Here in Takilma, Oregon, we have an amazing event every year on International Women’s Day called Women’s Café. Women from all over the valley get together to applaud each other's efforts at everything from poetry and music to bellydance. Barbie dolls, bible stories and excerpts from The Vagina Monologues have all shared the stage. This year, my friend Deb Murphy, who is the indefatigable organizer of this event and its terribly amusing emcee, asked me to get up and talk. Some years I yak and some years I bellydance. This was a year to talk. Here are some excerpts from my riff on “Women and the Earth,” the theme of this year's International Women's Day:
Women’s concerns are very much like environmental concerns. They are continually relegated to the status of a “special interest” and placed outside the central concern of the economy which is making money. …
I quoted from an article I wrote in 2006 about Hazel Henderson, the “housewife economist” who is famous for her quip: “economics is a form of brain damage.”
Then I told the story of the women in Iceland who are not concerned with "stimulating" their economy to “rise again,” but are focused on restructuring it to work better for society. I love their idea of doing “emotional due diligence” on the companies they invest in. Toxic corporate culture and greed have been our downfall. Let’s leave it to women to get us out the mess. I sure wish Obama would put a bunch of sharp women like that in charge of the US Treasury.

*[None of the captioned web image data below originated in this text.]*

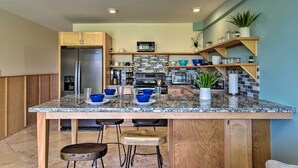 Une cuisine moderne dotée de plans de travail en granit, d’appareils électroménagers en acier inoxydable, d’armoires en bois et d’un îlot central avec des tabourets de bar.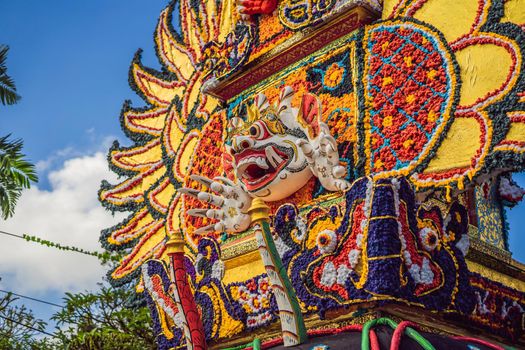 Bade cremation tower with traditional balinese sculptures of demons and flowers on central street in Ubud, Island Bali, Indonesia . Prepared for an upcoming cremation ceremony.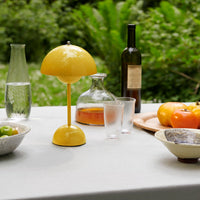 Glanzende gele lamp op een buitentafel met glazen, een karaf, een wijnfles en tomaten 24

I closed with some words of encouragement from the deep ecologist Joanna Macy from our interview in Yoga Plus Joyful Living:
JM: Yeah. I’m a sucker for courage. We are naturally courageous because we naturally love life, just as we thirst for water to drink, air to breathe. We have a battery of senses with which to engage our world. We have minds that can choose, and we want to be alive. Life wants to go on, and so we can feel the currents of life carrying us into fresh, original, unexpected paths of healing, if we’re not closed down. To overcome fear you have to look at what you’re afraid to see.
In central myths of our world’s traditions, the journey of the hero is to go down into the dark and face the monster, face what he doesn’t want to see and then, breaking through that, realize that he is strong enough to face what has appeared so terrifying to him. Then, he comes into his full magnitude and power of being.
Courage Of The Shambhala Warrior
KW: When you recover this courage—is that when you become what you call the Shambhala Warrior?JM: I use that metaphor from the Tibetan Buddhist tradition. We need to find and we can find those qualities of the warrior within us, the courage. I’m not afraid to use warrior language because it summons up keen attention and strong will and spunk and passion for life. We’re much tougher than we think.